Teori disonansi kognitif mempunyai beberapa asumsi dasar atas hal itu, salah satunya bahwa manusia mempunyai sifat dasar yaitu selalu ingin berada pada stabilitas dan konsistensi.
Jadi, jika merujuk pada contoh di atas, rasa benci yang dia punyai itu karena keinginannya untuk menyelaraskan, mengkonsistensikan prasangka “bersaing” dengan sebuah perilakunya terhadap prasangka itu sendiri, dan perilaku yang selaras dengan “bersaing” adalah membenci.
Benjamin Franklin Effect
Lantas, bagaimana menyulap seseorang yang benci itu menjadi suka?
Sebenarnya teori disonansi kognitif ini lebih masyhur di kalangan wacana psikologi dengan sebutan “Benjamin Franklin effect”.
Kala itu teori tersebut dipakai oleh salah satu tokoh politik Amerika Serikat bernama Benjamin Franklin untuk mempersuasi lawan politknya.
Singkat cerita, si Franklin ini mengambil sikap yang berlawanan terhadap musuh politiknya dengan cara meminjam buku.
Musuh politik Franklin terheran, sebab mengapa Franklin yang terkenal pintar dan menjadi musuh politik, lantas meminta tolong untuk meminjam buku. Dari kejadian itu akhirnya musuh Franklin lambat-laun menjadi teman baiknya.
Kejadian Franklin bisa kita lihat korelasinya dengan teori disonansi kognitif yang sudah saya jelaskan di atas tadi, bahwa manusia itu selalu ingin menstabilkan dan mengkonsistensikan antara perasaan dan perilakunya.
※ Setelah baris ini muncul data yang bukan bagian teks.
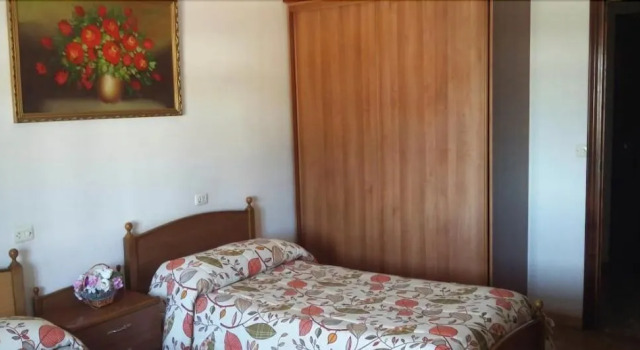 Hostal Santa María Do Poio, Забронировать Отель Отели El Bierzo 3 звезды, 3*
Seperti halnya contoh di atas, musuh Franklin akhirnya nggak nyaman dengan perasaan ‘bencinya’ terhadap Franklin, walhasil ia mengubah perilakunya agar selaras dengan perasaan baik yang diterima akibat perilaku Franklin. Inilah dampak nyata Benjamin Franklin effect.
Teori psikologi ini mungkin juga senada tapi berbeda bentuk dengan perintah agama Islam yang selalu menuntun manusia agar berkhusnudzon terhadap apapun yang sedang dihadapi.
Di satu sisi agar hati kita tenang, pun di sisi yang lain bisa menghasilkan vibrasi positif agar menarik orang-orang disekitar yang mungkin sedang membenci kita.
Hanya saja perbedaan antara disnonansi kognitif dengan khusnudzon, terletak pada sifatnya: Disonansi kognitif itu sikap eksternal, dan khusnudzon ialah sikap internal.
Namun teori ini juga nggak selalu berhasil, sebab pikiran orang lain tentu karakteristiknya di luar kendali kita.
Adapun yang karakter pikirannya kolot, sehingga kendati sudah menerima perilaku baik, ia tetap teguh dengan perasaannya pembencinya.
Tapi juga nggak ada salahnya kita menggunakan teori ini untuk mempengaruhi orang yang sedang membenci kita.
Toh, jikalau belum berhasil, setidaknya kita mendapatkan vibrasi positif atas diri kita sendiri supaya nggak jadi pribadi yang kolot dan suka membenci.